We already know that cement can be produced in space in a practical way, and not only theoretically, which will reduce material transport costs, thanks to a recent experiment carried out by NASA in orbit to Earth.
In the call MICS project (Microgravity Investigation of Cement Solidification) tricalcium silicate (C3S) and water outside Earth's gravity were mixed for the first time, that is, under microgravity conditions. The research has been published in Frontiers in Materials.
He MICS project It was held at the International Space Station. In the study, the researchers created a series of mixtures that varied the type of cement powder, the amount and type of additives, the amount of water and the time allowed for hydration.

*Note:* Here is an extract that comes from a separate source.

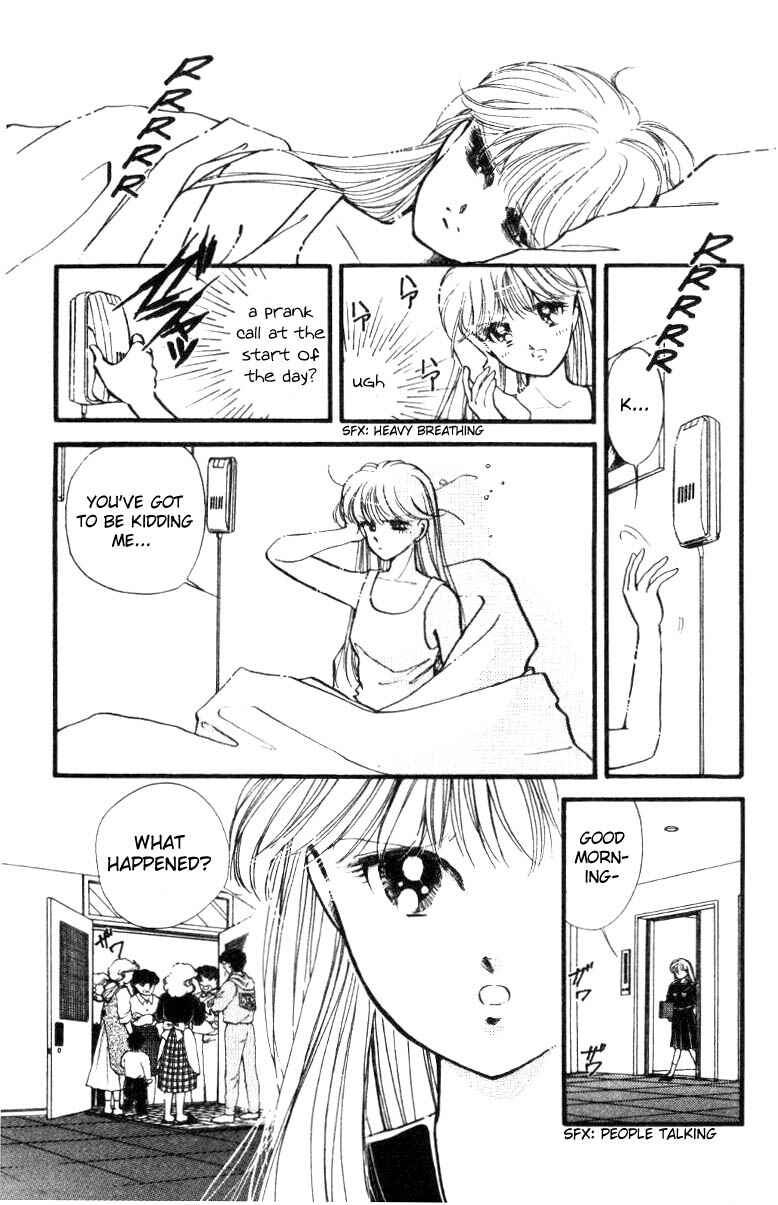 Page 21 Chapter 12 Private Actress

What were discovered were some differences between terrestrial and space cement, according to the principal investigator Aleksandra Radlinska from the Pennsylvania State University. The main difference was porosity:
The increase in porosity is directly related to the resistance of the material, but we still have to measure the resistance of the material formed in space. Although cement has been used for a long time on Earth, we still do not necessarily understand all aspects of the hydration process. We now know that there are some differences between Earth-based systems and space and we can examine those differences to see which ones are beneficial and which are harmful to use this material in space. In addition, the samples were in sealed bags, so another question is whether they would have additional complexities in an open space environment.
Show that cement can harden and develop in space represents an important step towards that first structure built on the Moon using materials from the Moon. Now the next steps will be to find binders that are specific for space and for varying levels of severity.